First, compare your metrics from before and after implementing it. To do this, you’ll need to collect data before you begin using the tool. If you’ve already implemented it, you could run a quick experiment and ask your team to stop using it for a week or so, collect the data and use that as your ‘before.’

You can also work this out in terms of employee time. For example, if this new software automatically does a job that an employee could do, then you’re essentially saving a salary’s worth per year. And if the software saves a certain employee a certain amount of time, then work out how much you pay that employee per hour, add it up and you’ll be able to calculate your savings per hour, week, month, or year.

5 quick and easy ways to improve productivity

If you discover that your productivity is in need of a boost, here are the first places you’ll want to start.

Give your employees a clear set of goals

Direction and purpose are motivating. Make sure your team know what’s expected of them, and make them accountable for those objectives. Be sure to provide clear, actionable, precise feedback regularly. And set out clear, measurable ways your team can improve.

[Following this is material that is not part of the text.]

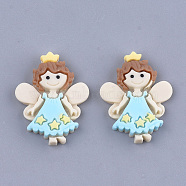 Resin Cabochons, Fairy, Light Blue, 31x24x5.5mm(CRES-S363-24)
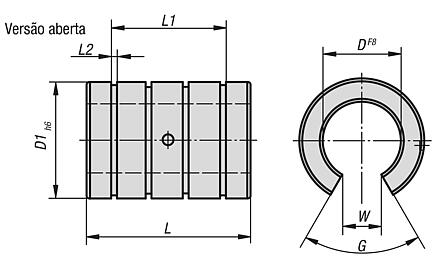 Mancal de deslizamento, aberto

Give them the right tools for the job

Give a designer a 10-year-old Mac that crashes every time they try to upload something, and you’ll not only lose time due to bad tech. You’ll also see a seriously grumpy designer not working to their full potential. Give your team (and yourself!) the tools required to get the job done right.

Incentivize your team (or organization)

Incentives include extra vacation hours, bonuses, vouchers, and recognition programs. Get creative, and reward often.

Show your team you trust them

Offer flexible working hours and home working opportunities. In return, your team will feel motivated, appreciated, and happy to work for a company that trusts them.

Invest in collaborative tech

From project management software that helps you track and schedule tasks in the cloud, to team chat apps that get everyone communicating in real-time, using collaborative, centralized tools can do wonders for your team’s productivity. But to get the most out of your software, you need to make sure everyone’s on the same page and knows exactly how to use your chosen tech.

Most software providers offer help videos, webinars, and Skype training sessions, so set aside some time for your team to take advantage of these. Once everyone is all set up and confident with the new processes, you should see a dramatic improvement to your team’s productivity. Just don’t forget to calculate your data before you start, just so you can prove your new tech’s effectiveness later on.